Report Templates & Examples
Intermediate9 min readUpdated 2026-03-13
Full AI red team report templates: executive summary, technical findings, methodology section, remediation roadmap, and annotated examples.
Report Templates & Examples
This page provides ready-to-use templates for every section of an AI red team report.

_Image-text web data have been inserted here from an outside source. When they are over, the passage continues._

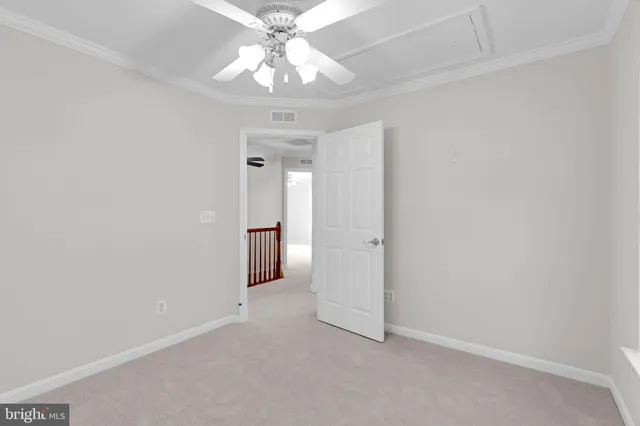a bathroom with a double vanity sink mirror and toilet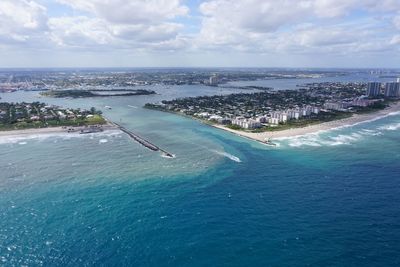 Aerial view of city by lake worth inlet against sky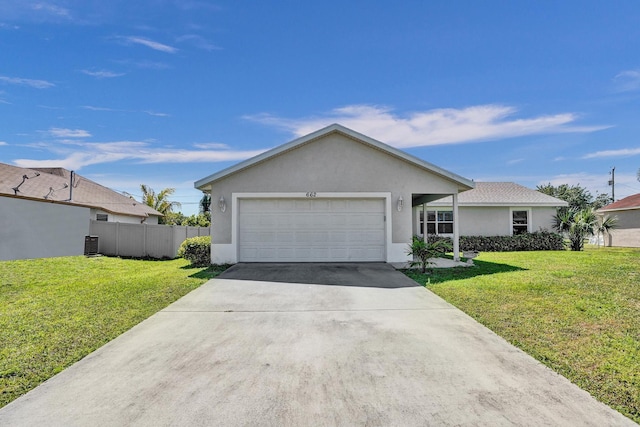 ranch-style house featuring stucco siding, fence, concrete driveway, a front yard, and a garage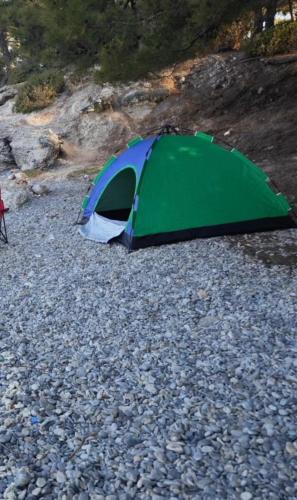 une tente verte et bleue sur un sol rocheux dans l'établissement Night Beacon, à Chèvreville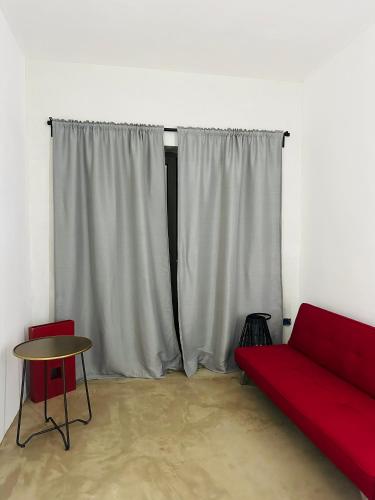 a living room with a red couch and a table at L'Armino in Otranto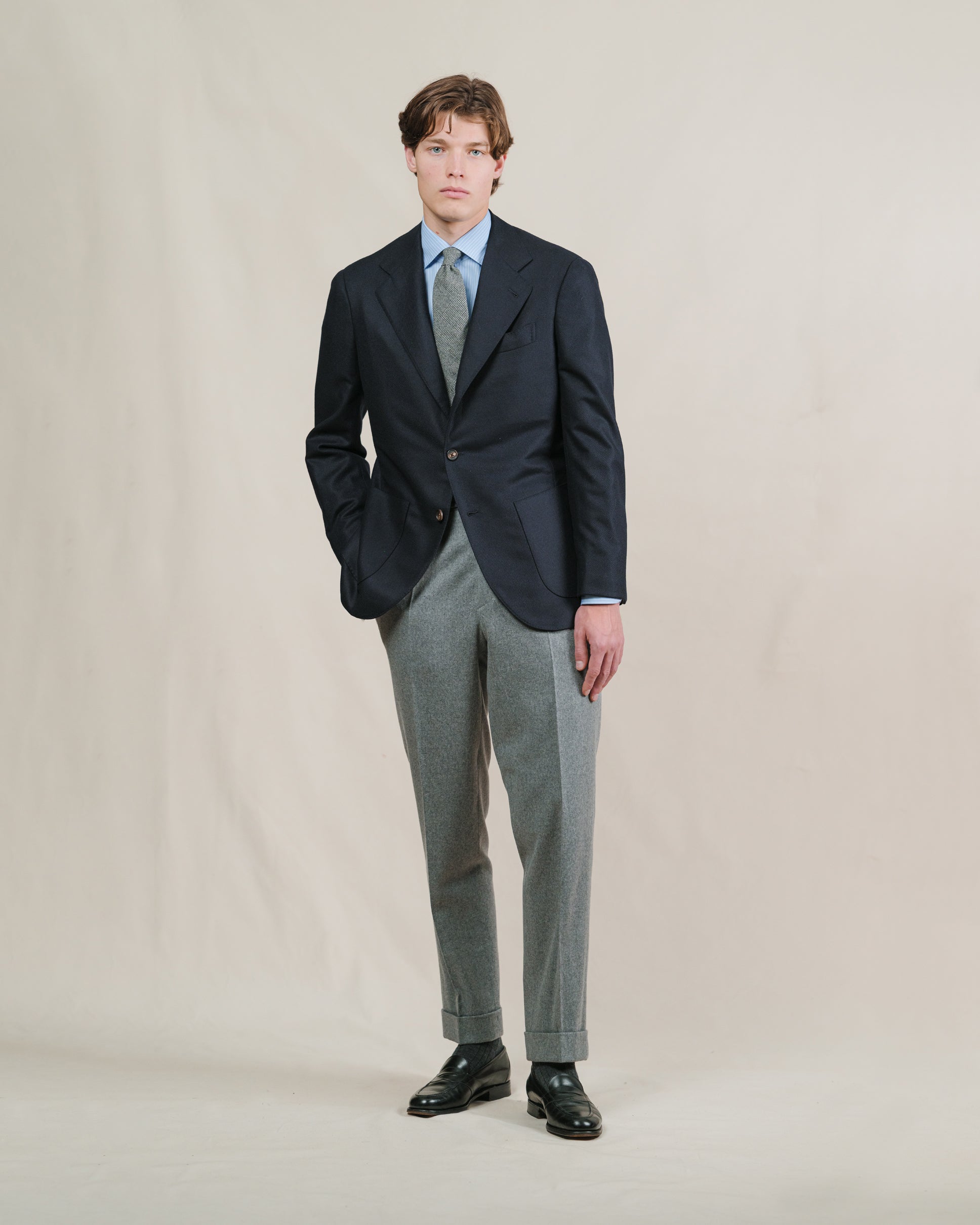 Man wearing a pair of light grey flannel trousers, light blue striped shirt, grey tie and navy sport coat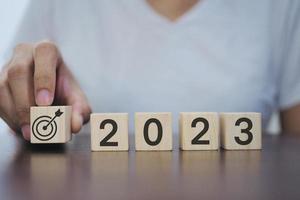 2023 Neujahrsziele, Pläne, Ideen, Inspirationskonzept. Geschäftsmann hält einen Holzklotz mit Zielsymbol 2023, Konzept 2023. foto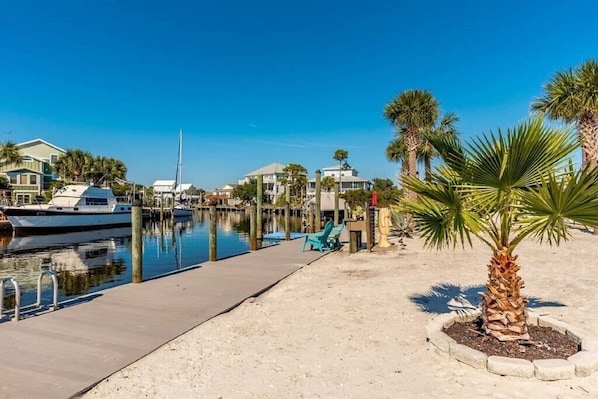 A marina with boats docked, a sandy walkway, and palm trees.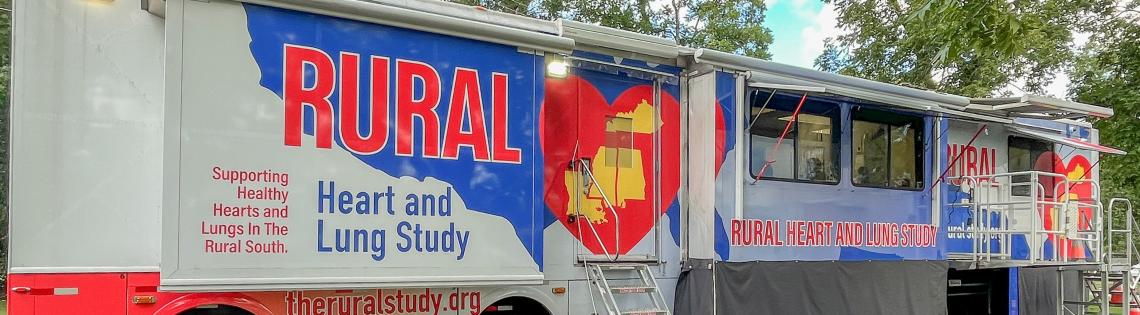 A long mobile van with a painted red heart and reads Rural Heart and Lung Study, Supporting Healthy Hearts and Lungs in the Rural South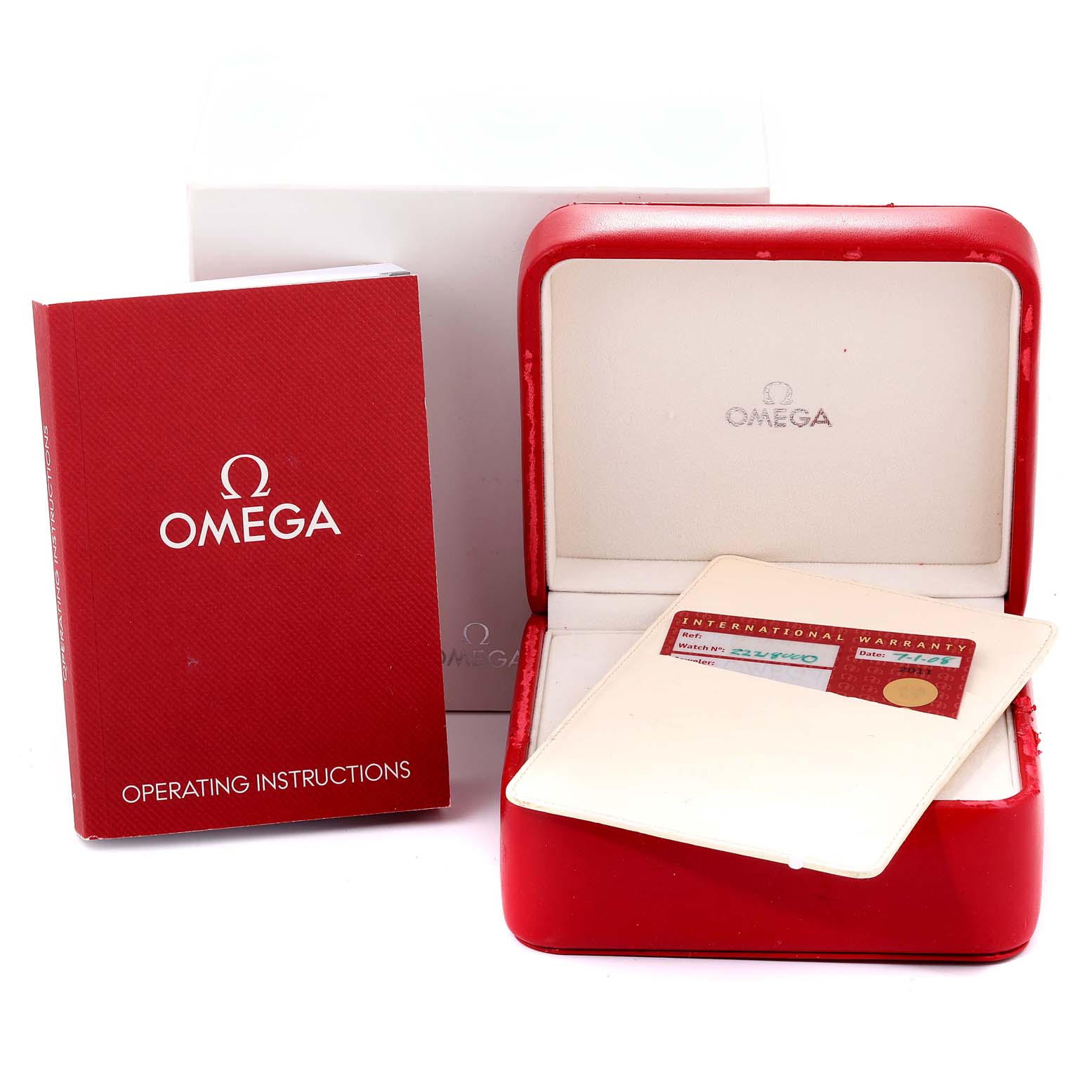 The image shows an Omega Seamaster 2221.80.00 Men's Stainless Steel Blue Dial 2221.80.00 Men's Stainless Steel Blue Dial model's red watch box, operating instructions booklet, and international warranty card.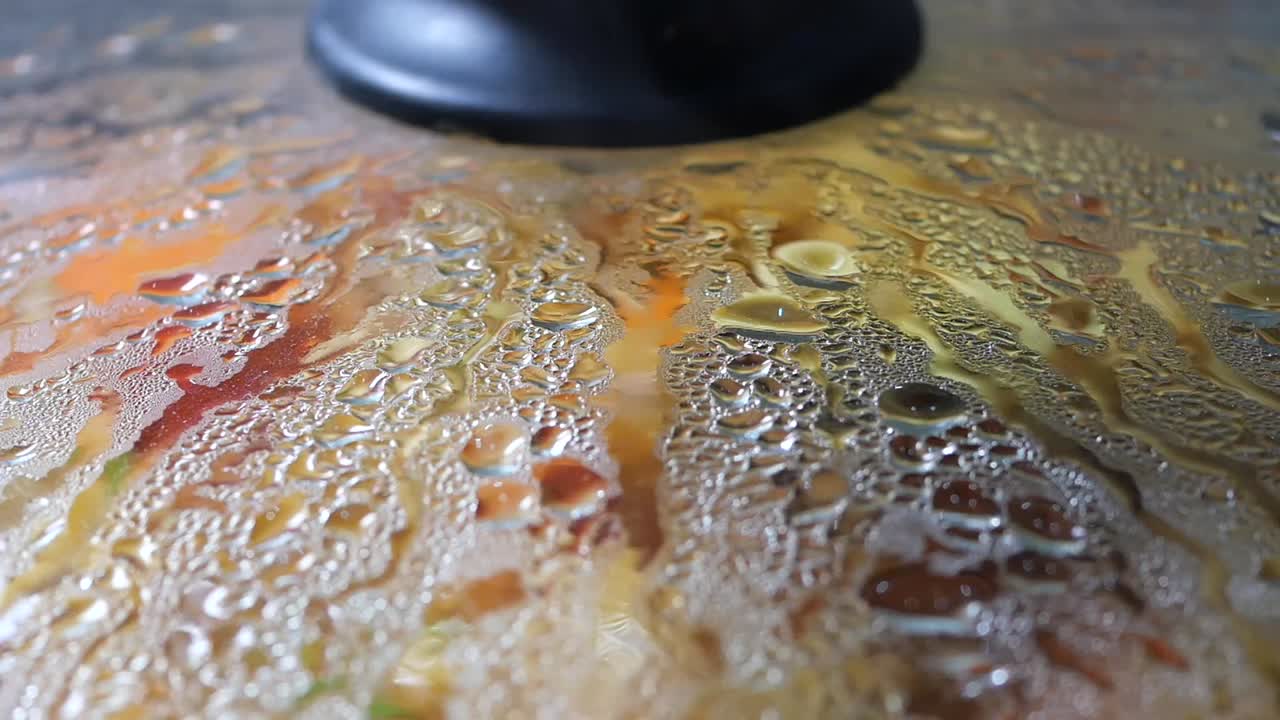 Close-up of Condensation on a Glass Pot Lid During Cooking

Each template includes annotations explaining what belongs in each section and common mistakes to avoid.
Full Report Structure
A complete AI red team report follows this structure:
| Section | Pages | Primary Audience | Purpose |
|---|---|---|---|
| Cover Page | 1 | All | Engagement identification, classification |
| Table of Contents | 1 | All | Navigation |
| Executive Summary | 1-2 | Leadership | Business risk overview, key recommendations |
| Engagement Details | 2-3 | All | Scope, methodology, timeline |
| Findings | 10-30 | Engineers, security | Individual vulnerability documentation |
| Attack Narratives | 3-5 | Technical leadership | End-to-end attack chain stories |
| Risk Assessment | 2-3 | Leadership, compliance | Overall posture evaluation |
| Recommendations | 3-5 | Engineering, leadership | Prioritized remediation plan |
| Appendices | Variable | Engineers | Full evidence, reproduction details |
Cover Page Template
# AI Red Team Assessment Report
**Client:** [Organization Name]
**Target System:** [System name and description]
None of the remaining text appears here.